Objective: In this study, we have examined the possibility that there is altered vascular reactivity due to the direct interaction between parasitized erythrocytes and vascular endothelial cells.
Method: Ring preparations of rat aorta were studied using standard in vitro techniques, the rings were mounted in 20 ml organ baths containing PSS under an initial load of 1g, maintained at 37°C at pH 7.4 and isometric contractions were recorded electronically. Rings were allowed 90 minutes to equilibrate before the commencement of the various protocols:
Results: Incubation with parasitized blood resulted in a significant increase in maximum contractile response to phenylephrine in the rat aortic rings (p < 0.05) but no effect to the base line.

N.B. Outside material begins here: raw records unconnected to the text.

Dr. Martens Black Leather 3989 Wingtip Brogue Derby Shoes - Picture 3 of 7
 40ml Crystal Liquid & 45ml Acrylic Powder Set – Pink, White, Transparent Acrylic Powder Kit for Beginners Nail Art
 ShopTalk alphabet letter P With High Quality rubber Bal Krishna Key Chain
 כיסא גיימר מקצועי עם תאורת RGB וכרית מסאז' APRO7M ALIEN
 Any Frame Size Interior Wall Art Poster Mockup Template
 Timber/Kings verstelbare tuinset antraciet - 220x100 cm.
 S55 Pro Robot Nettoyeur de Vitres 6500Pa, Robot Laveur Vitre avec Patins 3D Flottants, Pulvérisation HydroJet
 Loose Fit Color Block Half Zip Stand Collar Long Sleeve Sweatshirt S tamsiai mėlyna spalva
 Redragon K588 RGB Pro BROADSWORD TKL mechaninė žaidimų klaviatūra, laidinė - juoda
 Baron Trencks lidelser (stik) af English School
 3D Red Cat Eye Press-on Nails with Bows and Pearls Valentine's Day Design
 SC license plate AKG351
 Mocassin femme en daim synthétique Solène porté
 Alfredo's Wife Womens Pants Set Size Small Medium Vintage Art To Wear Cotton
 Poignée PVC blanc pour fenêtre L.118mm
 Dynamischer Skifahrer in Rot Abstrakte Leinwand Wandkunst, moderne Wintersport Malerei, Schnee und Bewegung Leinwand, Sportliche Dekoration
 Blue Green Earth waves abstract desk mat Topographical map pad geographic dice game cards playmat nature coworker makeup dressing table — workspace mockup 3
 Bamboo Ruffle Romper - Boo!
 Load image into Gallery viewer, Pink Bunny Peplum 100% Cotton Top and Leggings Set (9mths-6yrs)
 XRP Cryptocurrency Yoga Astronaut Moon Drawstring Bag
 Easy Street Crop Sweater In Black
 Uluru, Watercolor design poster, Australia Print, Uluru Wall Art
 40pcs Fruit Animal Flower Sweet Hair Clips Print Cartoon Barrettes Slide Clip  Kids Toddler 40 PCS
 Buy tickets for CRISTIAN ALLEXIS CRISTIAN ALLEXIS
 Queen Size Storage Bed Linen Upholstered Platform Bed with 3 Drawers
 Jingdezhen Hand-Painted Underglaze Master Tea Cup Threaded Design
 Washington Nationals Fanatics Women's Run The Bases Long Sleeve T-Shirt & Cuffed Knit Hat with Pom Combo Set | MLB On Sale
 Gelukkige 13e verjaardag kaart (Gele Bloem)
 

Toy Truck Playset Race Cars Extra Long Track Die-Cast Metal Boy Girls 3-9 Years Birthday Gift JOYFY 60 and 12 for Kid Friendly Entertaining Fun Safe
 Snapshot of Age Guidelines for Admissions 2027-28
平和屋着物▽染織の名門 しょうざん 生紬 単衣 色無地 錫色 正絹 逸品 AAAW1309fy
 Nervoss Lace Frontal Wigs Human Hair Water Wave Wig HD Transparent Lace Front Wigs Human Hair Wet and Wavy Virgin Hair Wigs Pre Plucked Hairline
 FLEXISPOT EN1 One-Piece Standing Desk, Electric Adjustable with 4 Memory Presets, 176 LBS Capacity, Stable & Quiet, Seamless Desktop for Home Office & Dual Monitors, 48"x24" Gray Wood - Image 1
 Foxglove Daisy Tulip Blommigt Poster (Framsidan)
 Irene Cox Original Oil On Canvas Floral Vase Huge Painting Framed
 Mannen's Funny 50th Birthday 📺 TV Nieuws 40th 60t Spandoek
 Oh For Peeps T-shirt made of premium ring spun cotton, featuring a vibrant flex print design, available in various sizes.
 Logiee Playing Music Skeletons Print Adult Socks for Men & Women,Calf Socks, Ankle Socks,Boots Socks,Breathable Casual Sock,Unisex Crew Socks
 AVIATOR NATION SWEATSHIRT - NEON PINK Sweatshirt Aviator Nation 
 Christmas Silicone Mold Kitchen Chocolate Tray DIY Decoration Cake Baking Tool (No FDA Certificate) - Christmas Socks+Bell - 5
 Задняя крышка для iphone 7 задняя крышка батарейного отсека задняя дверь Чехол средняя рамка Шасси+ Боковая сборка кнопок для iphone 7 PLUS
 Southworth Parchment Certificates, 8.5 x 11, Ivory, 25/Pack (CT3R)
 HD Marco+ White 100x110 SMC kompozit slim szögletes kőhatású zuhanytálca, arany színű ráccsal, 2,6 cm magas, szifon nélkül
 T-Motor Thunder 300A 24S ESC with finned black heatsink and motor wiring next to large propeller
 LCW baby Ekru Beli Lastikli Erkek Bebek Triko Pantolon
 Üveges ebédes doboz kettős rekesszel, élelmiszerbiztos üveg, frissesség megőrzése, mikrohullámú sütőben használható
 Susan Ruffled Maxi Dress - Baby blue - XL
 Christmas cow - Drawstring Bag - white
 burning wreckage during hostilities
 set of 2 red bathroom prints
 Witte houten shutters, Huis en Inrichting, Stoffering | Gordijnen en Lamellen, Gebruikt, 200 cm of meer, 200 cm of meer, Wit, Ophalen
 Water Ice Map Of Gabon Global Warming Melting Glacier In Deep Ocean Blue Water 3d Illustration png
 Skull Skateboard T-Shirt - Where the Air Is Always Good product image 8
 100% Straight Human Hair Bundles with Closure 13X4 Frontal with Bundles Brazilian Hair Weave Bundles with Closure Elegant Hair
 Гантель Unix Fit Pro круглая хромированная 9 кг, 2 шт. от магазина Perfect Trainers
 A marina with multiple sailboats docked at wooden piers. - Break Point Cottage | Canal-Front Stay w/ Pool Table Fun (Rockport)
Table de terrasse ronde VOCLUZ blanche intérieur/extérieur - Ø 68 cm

Analysis of the whole dose-response curve (using paired t-test) showed a significant left-ward shift following the addition of parasitized blood (p < 0.05), EC70 (M) values increasing from 7 x 10-7 to 5 x 10-6M. Following exposure to parasitized blood, the magnitude of Ach-induced relaxation responses reduced significantly from 73 ± 3.6 to 24.75 ± 7.25% in rat aortic rings (p < 0.05). Ach relaxations were significantly enhanced (p < 0.05) at 5-minute exposure; however at longer durations, Ach-relaxations were variable and inconsistent. The lesser the dilution, due to increased volume of parasitized blood, the lesser the relaxation response. Following endothelium removal, there was a marked impairment in endotheliumdependent relaxation responses to ACh in both the control and incubated vessels. Exposure to parasitized blood did not significantly alter contractile responses induced by potassium depolarization.
Conclusions: This gives evidence in support of an endothelium-dependent action of malaria parasites as vascular effects of malaria parasites are mediated, at least in part, via endothelium-dependent mechanism(s).